Safe drinking water that doesn’t break the bank

Disposal of residuals, such as sludge, is one of the primary cost drivers of operating water treatment plants. Water project manager Keith O’Connor makes the case for low-cost, low-tech solutions for managing sludge disposal.

Municipalities and operators of water treatment plants (WTPs) are constantly looking for ways to provide safe, reliable, high-quality drinking water in sufficient amounts, and at a relatively low cost, for existing and future customers. The overall cost of operating WTPs depends on the site, but the process of making potable water by separating and disposing of residuals, along with the consumption of chemicals, carries a hefty price tag and drives operation costs.

In fact, transporting residuals to an offsite location can be one of the most expensive aspects of a WTP’s operation. WTPs have three primary ways to dispose of residuals, and each varies greatly in terms of disposal costs, operating methods and public perception.

1. Conventional landfill. Conventional residual dewatering technologies include thickening followed by dewatering methods using centrifuges and belt presses. The resulting “cake” gets disposed of in a landfill. This process requires a high degree of manpower and complex loading, transporting and offloading operations, and garners negative perceptions as landfills are typically not popular in the public eye.

2. Land application. The biggest issue here is having enough available land to dump and spread out the sludge. Regulatory agencies limit the amount of sludge that can be dumped per square foot of a land application site, and periodic groundwater testing and reporting is required.

3. Lagoons and a monofill. An alternative approach, the performance of a sludge lagoon requires sufficient detention time to allow particles to settle. Once the basin volume is partially filled with settled residuals, the flow to that lagoon is stopped, allowing the capture residuals to naturally dewater. The dewatered sludge is then excavated and transported from the lagoon to an adjacent monofill, essentially an on-site, dedicated landfill.

Case study – Innovative lagoon and monofill solution for sludge disposal

The Gulf Coast Water Authority (GCWA) hired AECOM to devise a cost-efficient solution to overcome the challenges it faced operating a 50-million gallon per day (MGD) conventional WTP. The scope of work included devising a long-term plan for comprehensive sludge management that was easy to operate, delivered a safe work environment, alleviated lifecycle costs, allowed for zero discharge of sludge and water, and provided regulatory compliance.

In their previous WTP design, the GCWA disposed of sludge by using the land application and conventional landfill methods. The sludge from a thickener was liquid applied to a 150-acre land-application site. While this option initially required minimum capital costs, it was manpower intensive. Additionally, safety concerns arose from the large acreage being covered with wet sludge, which caused rapid overgrowth of vegetation and turned the site into a haven for mosquitoes, rodents and snakes.

Tasked with alleviating the GCWA’s concerns, we proposed to design lagoons and a monofill to meet the operator’s objective of enacting a process that required low capital and provided lifecycle cost savings, while minimizing transportation and operational costs.

The sludge lagoon design is simple and conventional, but provides a robust design to accommodate future changes in water quality and increased volume of residuals. The separation process between solids and liquids eliminates the need for mechanical equipment, such as belt-filter presses and centrifuges, although it takes much more land space. Until the lagoon is filled there is no mechanical maintenance required, which reduces maintenance activities and operator exposure to rotating equipment. Once the sludge has been dewatered, it is excavated and transported (onsite) from the lagoons to the monofill site. This lagoon cleaning process takes place once a year, eliminating the need to haul sludge to an offsite landfill each week, which lowers operational and transportation costs.

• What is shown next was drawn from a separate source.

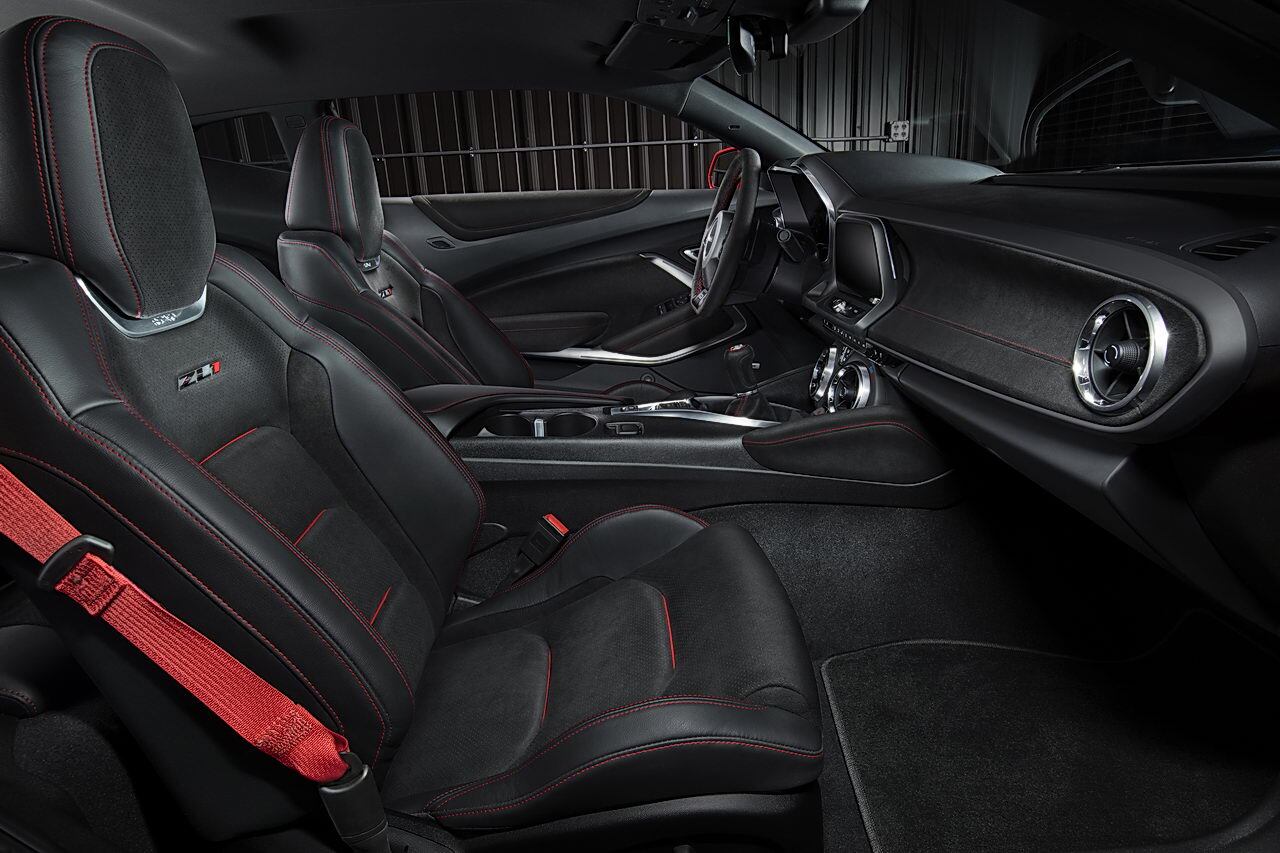 2017 chevrolet camaro zl1 driver-focused cockpit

A monofill is designed to offer a high degree of self-reliance and prevent leachate of metals below ground. With skilfull design, a monofill can have a smaller footprint and lower visibility than other methods of sludge disposal. And because sludge is transported onsite from the lagoons to the monofill, roadway damage and transport risk are reduced for the water utility.

The GCWA monofill is an exclusive landfill for residuals from this WTP only, which receives dewatered sludge from the lagoons on an annual basis. The monofill was developed in four cells to improve access to the site, facilitate drainage and phase capital investment as needed over the next 50 years. Due to AECOM’s experience and understanding of the unique monofill permitting process, our team was able to work closely with regulatory bodies through the entire permitting and design process, which proved essential to achieving final acceptance without major changes or construction scheduling delays.

Through this lagoon and monofill design, GCWA’s capital costs were minimized, while maintaining the water authority’s level of service. The GCWA will be able to reliably dispose of sludge for 50 years in approximately 25 acres of the site — a reduction from the original 150 acres used to dispose of sludge — while keeping lifecycle costs low. Ultimately, this disposal method helps GCWA continue providing high water quality to its customers at competitive rates, with the ability to plan ahead for additional production capacity to support the region’s anticipated growth.

This article is part of our ongoing series examining the top water issues that need to be solved in the state of Texas, and beyond.